> **Exercise instructions**
This calls for a word-for-word copy of all the data, with each picture removed.

==== Dataset extract

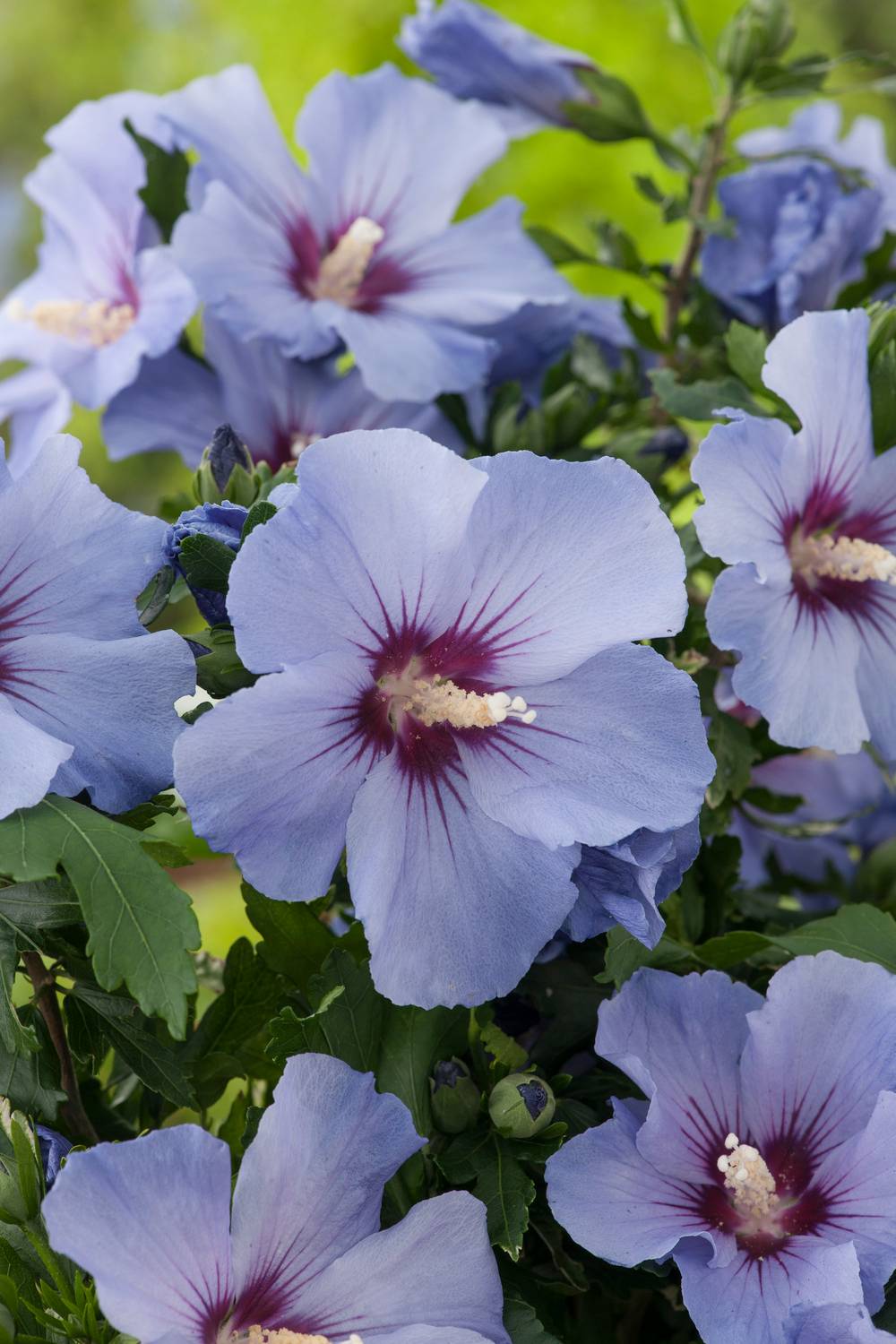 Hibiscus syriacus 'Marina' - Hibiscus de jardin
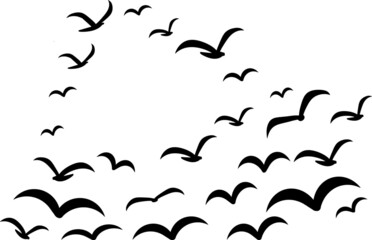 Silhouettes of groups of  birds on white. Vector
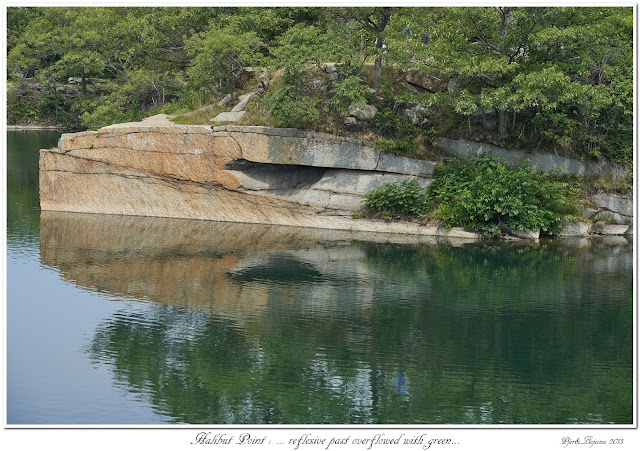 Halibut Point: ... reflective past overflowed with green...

========

> **Result**
 Hibiscus syriacus 'Marina' - Hibiscus de jardin
 Silhouettes of groups of  birds on white. Vector
 Halibut Point: ... reflective past overflowed with green...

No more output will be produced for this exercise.